Starting at the line below that contains "Palladium 950 Dunkelblauer" and ending at the line that contains "Hey Duggee birthday", retype each line exactly as it stands, but omit the pictures.

Provided information:

━━━━━━━━━━

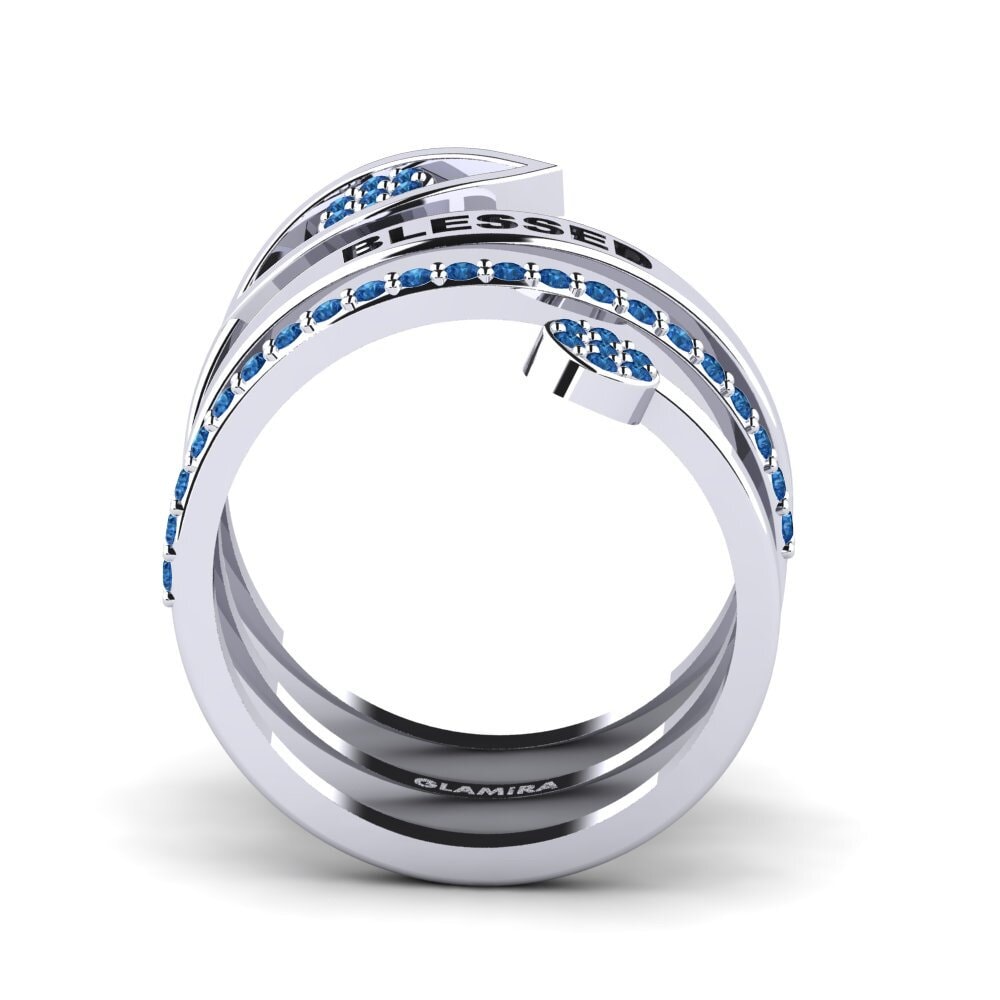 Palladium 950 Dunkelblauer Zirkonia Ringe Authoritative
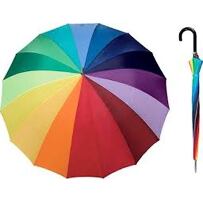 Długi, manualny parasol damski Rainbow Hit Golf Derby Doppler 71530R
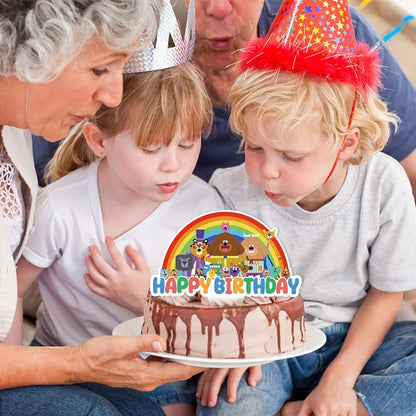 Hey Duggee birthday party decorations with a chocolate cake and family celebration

━━━━━━━━━━

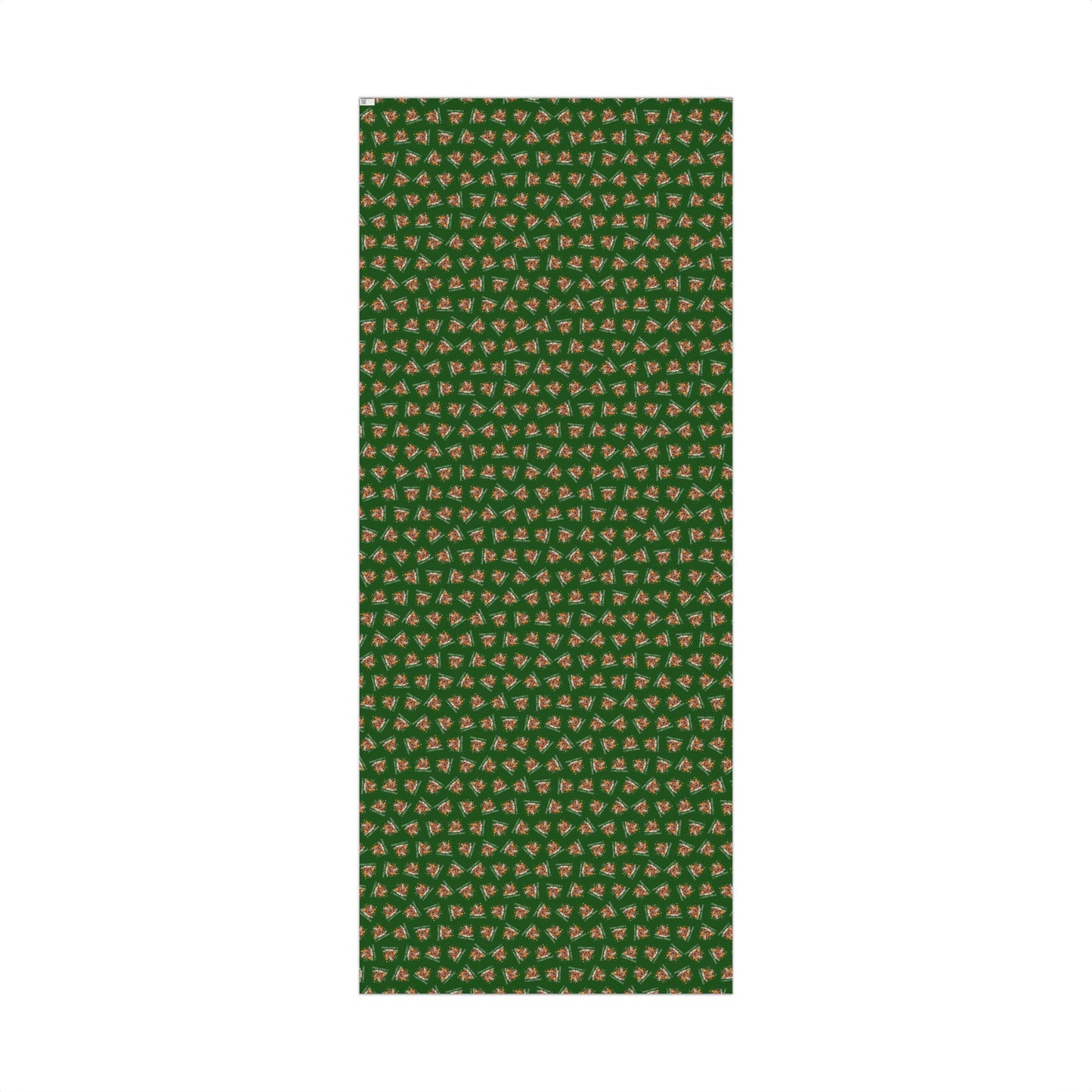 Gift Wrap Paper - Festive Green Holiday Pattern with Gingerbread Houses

━━━━━━━━━━

Your solution:
 Palladium 950 Dunkelblauer Zirkonia Ringe Authoritative
 Długi, manualny parasol damski Rainbow Hit Golf Derby Doppler 71530R
 Hey Duggee birthday party decorations with a chocolate cake and family celebration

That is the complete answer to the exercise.